### LISTED RECORDS:
##########
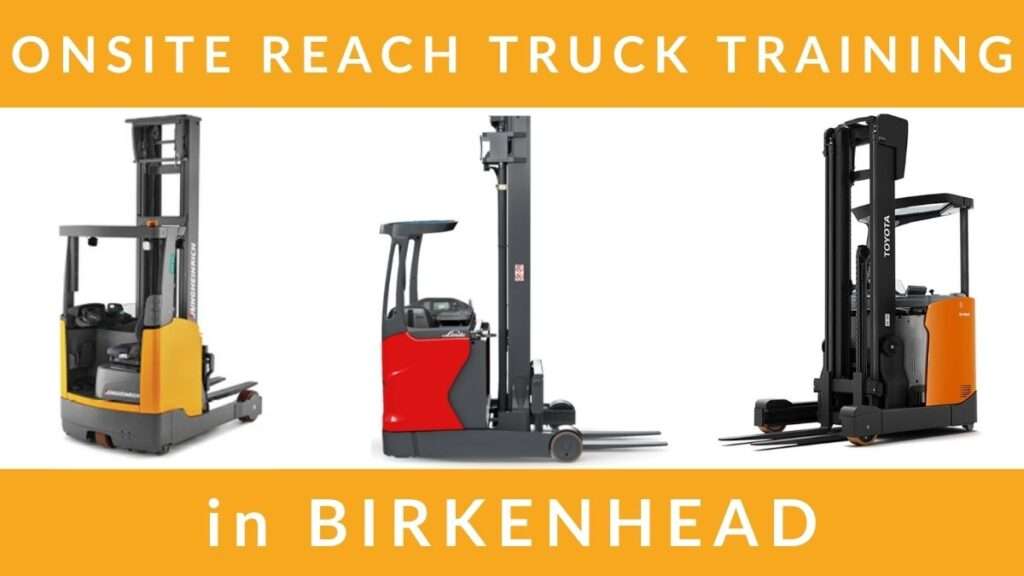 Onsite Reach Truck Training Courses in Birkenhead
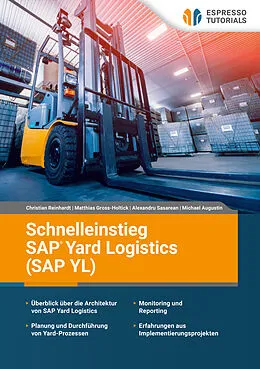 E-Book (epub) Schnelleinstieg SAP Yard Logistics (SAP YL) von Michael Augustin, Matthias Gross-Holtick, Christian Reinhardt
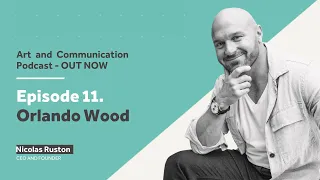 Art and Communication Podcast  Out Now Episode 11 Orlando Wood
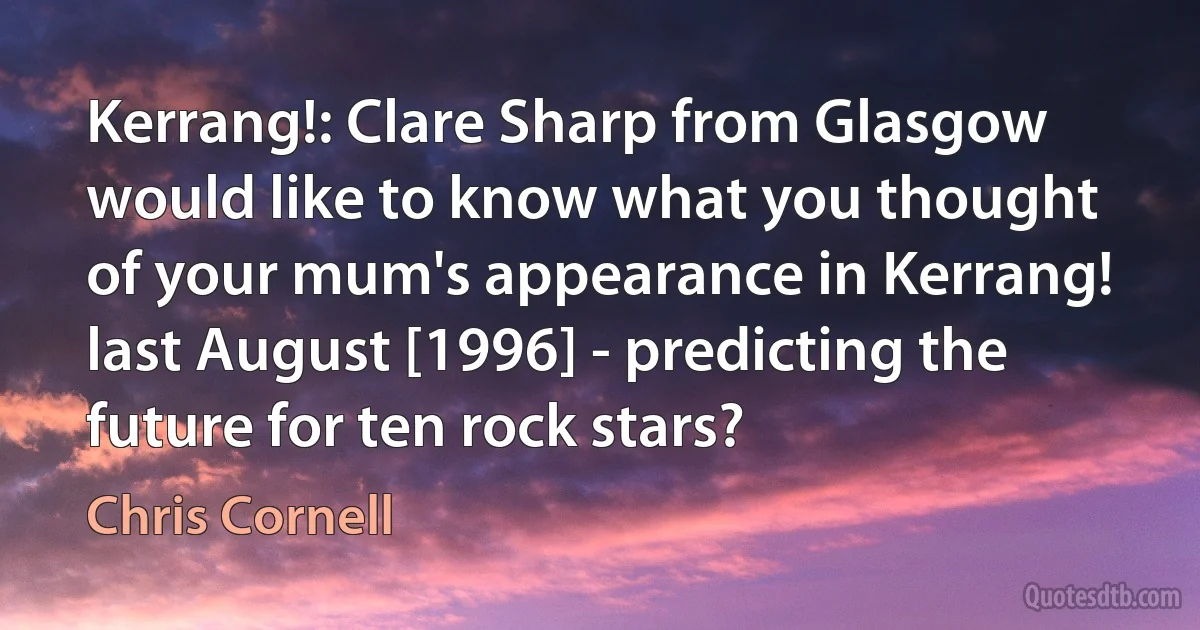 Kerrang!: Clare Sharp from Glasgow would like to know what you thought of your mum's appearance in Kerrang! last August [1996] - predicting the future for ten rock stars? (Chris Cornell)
##########
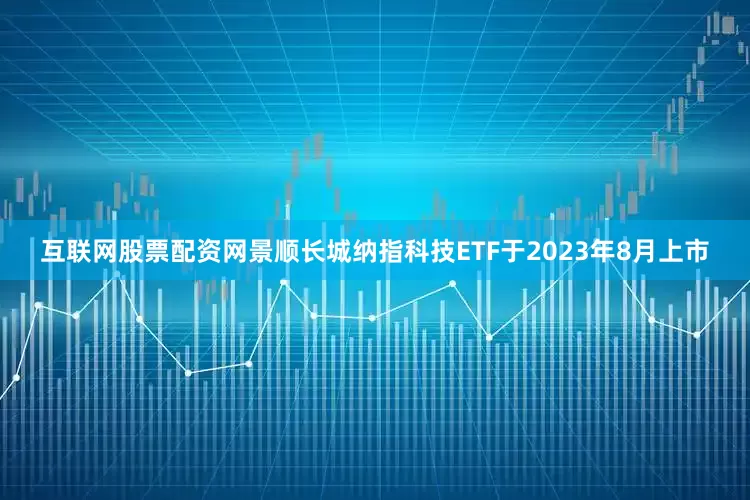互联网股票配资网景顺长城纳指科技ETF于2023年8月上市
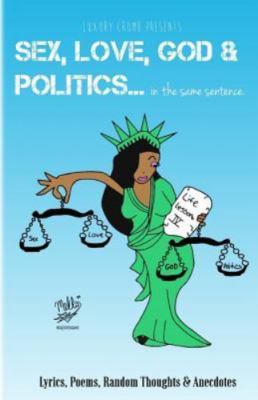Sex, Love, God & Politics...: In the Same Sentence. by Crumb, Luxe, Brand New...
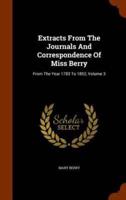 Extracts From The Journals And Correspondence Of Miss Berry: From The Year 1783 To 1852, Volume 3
##########
### ACTION ITEM:
In the data above, find the line with "Art and Communication" and the line with "Kerrang!: Clare Sharp". Please copy exactly those two lines and every line between them, but not the pictures.

### ANSWER SPACE:
 Art and Communication Podcast  Out Now Episode 11 Orlando Wood
 Kerrang!: Clare Sharp from Glasgow would like to know what you thought of your mum's appearance in Kerrang! last August [1996] - predicting the future for ten rock stars? (Chris Cornell)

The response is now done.